Walker's World: G8's thin food summit
Washington, April 20, 2009
The good news is that the world's key agricultural ministers convened this weekend for the first time under the auspices of the G8 summit process. The bad news is that they addressed everything except the three large elephants in the room.
Two of these elephants are familiar; the massive and market-distorting $300 billion a year spent on food subsidies and protection by the United States, Europe and Japan and the botched way that Europe and the United States are running their biofuels programs.
As Lester Brown, president of the Earth Policy Institute, puts it, "A fourth of this year's U.S. grain harvest, enough to feed 125 million Americans, or half a billion Indians at current consumption levels, will go to fuel cars. Yet even if the entire U.S. grain harvest were diverted into making ethanol, it would meet at most 18 percent of U.S. automotive fuel needs."
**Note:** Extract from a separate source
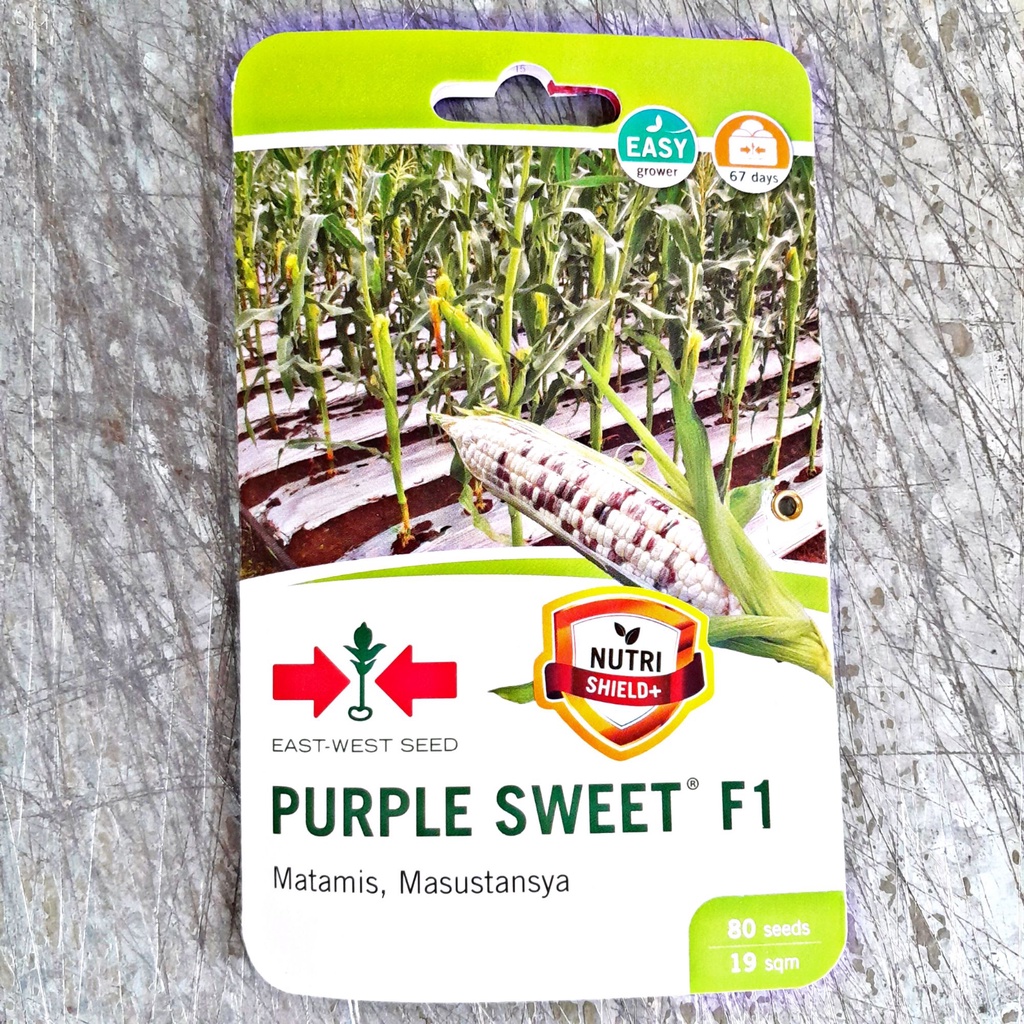 PURPLE SWEET F1 HYBRID CORN (80 SEEDS) by EAST WEST | Shopee Philippines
The third elephant is new: the way that countries fearing food shortages are making bilateral deals with poorer countries to buy or lease farmland to provide guaranteed crops for their own citizens.
China is negotiating with Myanmar, Russia and Uganda for exclusive use of large tracts of farmland. Saudi Arabia is seeking deals with Egypt, Pakistan, South Africa, Thailand, Turkey and Ukraine. Indian companies have negotiated leases with Paraguay and Uruguay. South Korea is bidding for land in Madagascar and Sudan. And Libya is leasing 250,000 acres from Ukraine in a barter deal in return for oil.
It makes a kind of sense. Usually, this kind of leasing deal involves the outside country bringing in state-of-the-art irrigation and farming techniques to maximize yields. And these skills and technologies can then (in principle) be made more available to the host country. But it raises some big questions.
First, what happens to the original owners of the land in the developing country? Are they given compensating land elsewhere? And if in a particular year the outside country does not need all its crop, will it sell it locally, probably driving down prices and thus hurting local farmers?
And in a time of food shortages like last summer, how does the outside country plan to get its private crop out of the hungry country, through country roads and into ports and passing hundreds of thousands of angry and possibly starving locals? What sort of security, with what sort of weapons and under what orders, will guard those food convoys?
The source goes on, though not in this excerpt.